Barrick Gold has made a bid for them in the US


----------



## RichKid (2 November 2005)

*Re: Placer Dome? (PDG)*



			
				wayneL said:
			
		

> Barrick Gold has made a bid for them in the US




This won't be the last gold takeover in this resources cycle either. Good to keep an eye on these takeovers to see what the market dynamics are, commentators will be going through all the info soon.


----------



## wayneL (2 November 2005)

*Re: Placer Dome? (PDG)*

http://www.marketwatch.com/news/yho...o&guid={26C1DD53-E3B1-4600-A213-63FE7CB1CFC4}

Barrick offers $9.2 bln for Placer Dome
Suitor in hostile bid strikes side deal with Goldcorp
By MarketWatch
Last Update: 4:29 PM ET Oct. 31, 2005  

NEW YORK (MarketWatch) -- Barrick Gold said Monday it would offer $9.2 billion to acquire Placer Dome, a merger that would make the combined company one of the largest global players in the gold-mining industry.

If the hostile bid goes through, Barrick Gold would then sell some Placer Dome mines and exploration joint ventures to Goldcorp for about $1.35 billion.

The deal would also rearrange the list of top gold producers in a sector that has seen several recent deals as prices for the precious metal have steadily risen.


----------



## doctorj (2 November 2005)

*Re: Placer Dome? (PDG)*



			
				RichKid said:
			
		

> This won't be the last gold takeover in this resources cycle either.
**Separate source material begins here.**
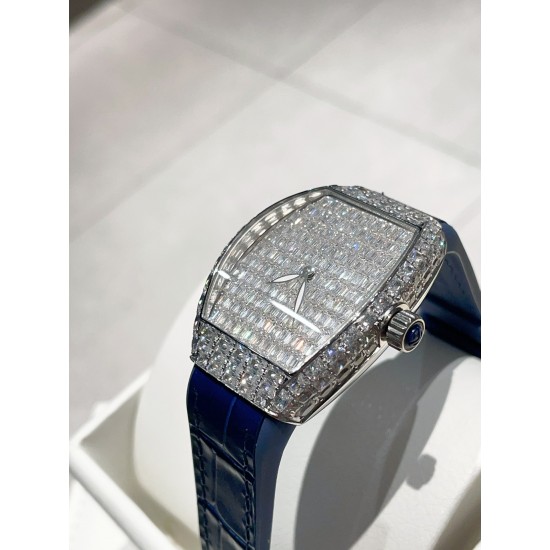 法兰克穆勒 V32 ABF 法穆兰 女装游艇新款 32mm 完美尺寸 搭配瑞士原装机芯 品质保证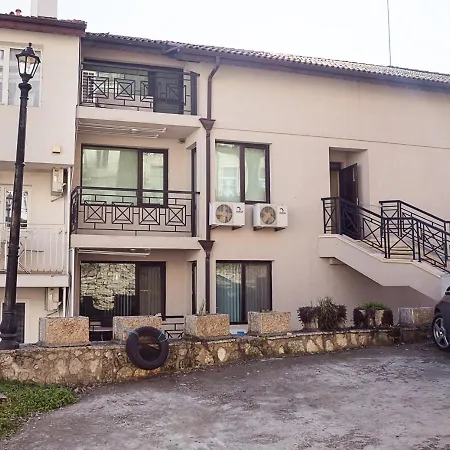 Daire Cozy Seaside Escape - Stylish 1-bedroom In By Flat Mаnager *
Good to keep an eye on these takeovers to see what the market dynamics are, commentators will be going through all the info soon.
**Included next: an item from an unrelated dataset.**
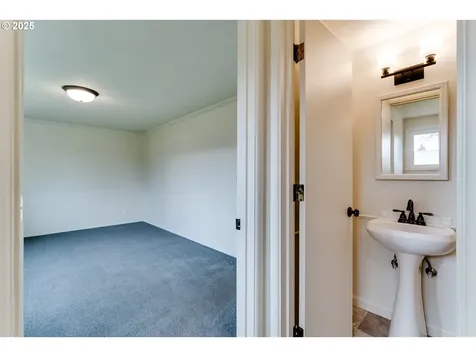 1560 Acacia Avenue Eugene OR 97408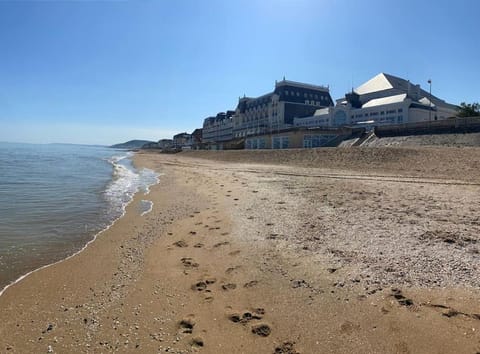 Appartement spacieux avec grande terrasse Apartment in Cabourg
I've heard a rumour that Newcrest might be a target given their depressed share price as a result of the fun they're having at Telfer.


----------



## RichKid (2 November 2005)

*Re: Placer Dome? (PDG)*



			
				doctorj said:
			
		

> I've heard a rumour that Newcrest might be a target given their depressed share price as a result of the fun they're having at Telfer.
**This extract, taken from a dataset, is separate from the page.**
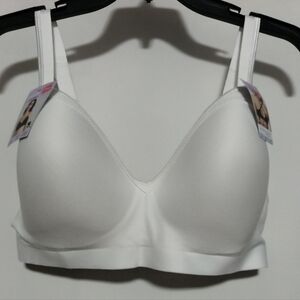 Hanes Wireless White Bra / Size 2X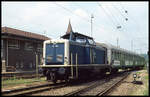 211208 ist hier am 8.7.1991 mit einem Personenzug in Seckach unterwegs.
Yep, that's the one I'm watching, in fact they've been talking about NCM for awhile now. Too expensive atm imo but as gold is going 500+ anything can happen. There are some tactical issues and timing problems- the current co bears all the downside atm, if the takeover occurs just as the problems are over it'll be great for the predator- that's my theory anyhow. Apparently the corporate/finance side of it is now much simpler than a year or two ago making it easier to 'digest' for a predator.


----------



## The Barbarian Investor (2 November 2005)

*Re: Placer Dome? (PDG)*

Thanks for that, is Newcrest also Newmont?

One of the guys at work who holds a fewIncome based shares mostly has been thinking about getting on board with PDG..buthe may have misedthe boat then (heonly brought it up yesterday)

TBI


----------



## Profitseeker (2 November 2005)

*Re: Placer Dome? (PDG)*

NCM will only be preyed on once it sorts Telfer out.


----------